Petitioner testified that the time he spent on his real estate activities in 1990 was limited due to his full-time employment and pursuit of a graduate degree. Ms. Jordan claimed that she spent 8 to 10 hours a week showing homes to prospective buyers, yet testified that she did not show any homes in 1989 or 1990. Furthermore, while petitioners claim to have collectively driven 37,000 miles in 1990 in connection with the company, they neither sold nor bought any real estate during the taxable year at issue.

Respondent argues that the deductions claimed in connection with petitioners' real estate activities represent personal and living expenses. Petitioners offer nothing more than their own testimony to rebut this contention. It is well settled that we are not required to accept a taxpayer's self-serving testimony in the absence of corroborating evidence. Lerch v. Commissioner [89-1 USTC ╤ 9388], 877 F.2d 624, 631-632 (7th Cir. 1989), affg. [Dec. 43,977(M)] T.C. Memo. 1987-295; Geiger v. Commissioner [71-1 USTC ╤ 9333], 440 F.2d 688, 689 (9th Cir. 1971), affg. per curiam [Dec. 29,686(M)] T.C. Memo. 1969-159; Niedringhaus v. Commissioner [Dec. 48,411], 99 T.C. 202, 212 (1992); Nicholas v. Commissioner [Dec. 35,430], 70 T.C. 1057, 1064 (1978). Based on the record in this case and the foregoing analysis, we find that petitioners have failed to carry their burden of proving that they engaged in their real estate activity with an actual and honest profit motive.

Furthermore, even if we had found an actual and honest profit motive, the deductions claimed by petitioners on their Schedule C would be disallowed for lack of substantiation. As stated, petitioner offered no documentation to support his often ambiguous and inconsistent testimony. For example, he was unable to explain what the deductions for insurance, office equipment, and supplies represent. He conceded that he improperly deducted the entire amount paid for rent and utilities without prorating such expenditures into business and personal use. Petitioners claimed a business travel deduction in 1990 based on 20,000 miles driven by petitioner and 17,000 miles driven by Ms. Jordan. At trial, however, Ms. Jordan testified that her mileage related to the real estate activity only amounted to 75 to 100 miles per week (3,900 to 5,200 miles per year). No corroborating evidence or explanation of the discrepancy was offered by petitioners.
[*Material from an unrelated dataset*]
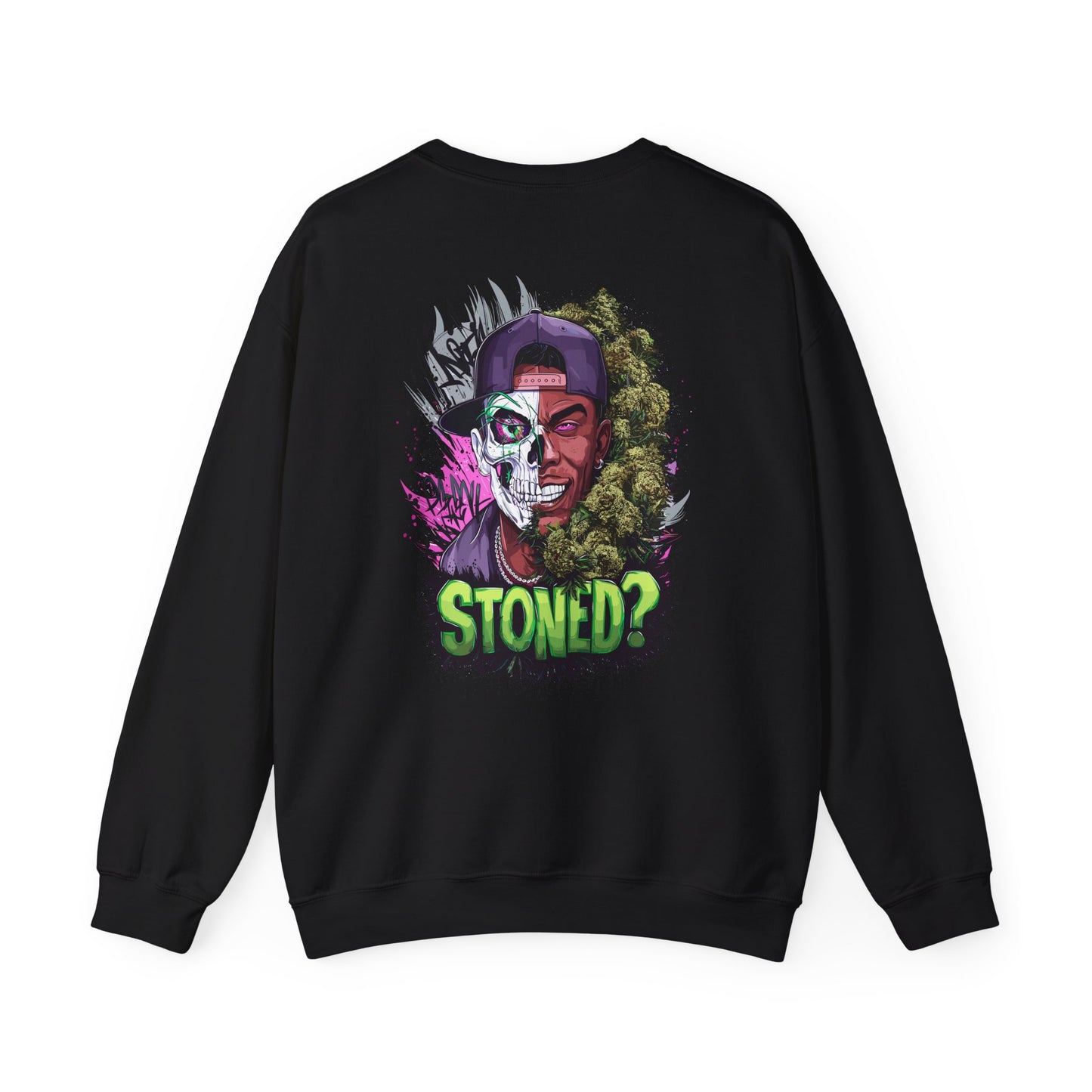 Sweatshirt— 'Stoned?' Skull Face Graphic for Cannabis Lovers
Since petitioners failed to introduce any corroborating evidence to support their testimony, the record in this case does not provide sufficient evidence upon which to estimate an amount allowable. Williams v. United States [57-2 USTC ╤ 9759], 245 F.2d 559, 560 (5th Cir. 1957); Vanicek v. Commissioner [Dec. 42,468], 85 T.C. 731, 742-743 (1985). Petitioners contend that they submitted documentation to respondent during the examination process and, therefore, should not be penalized by their failure to present records at trial. Petitioners seem to be under the misconception that this Court and respondent regularly exchange information. The United States Tax Court is an Article I court and is separate from the Internal Revenue Service (IRS). Tax Reform Act of 1969, Pub. L. 91-172, sec. 951, 83 Stat. 730. The IRS is represented by Chief Counsel. Sec. 7452. Since this Court and the IRS are separate entities, documents submitted during an examination of a taxpayer's records do not become evidence in a case unless the documents are received into evidence and become part of the record. Because petitioners have the burden of proof, it is up to petitioners to introduce records at trial sufficient to substantiate deductions claimed. Rule 142(a). Based on the foregoing,

Decision will be entered for respondent.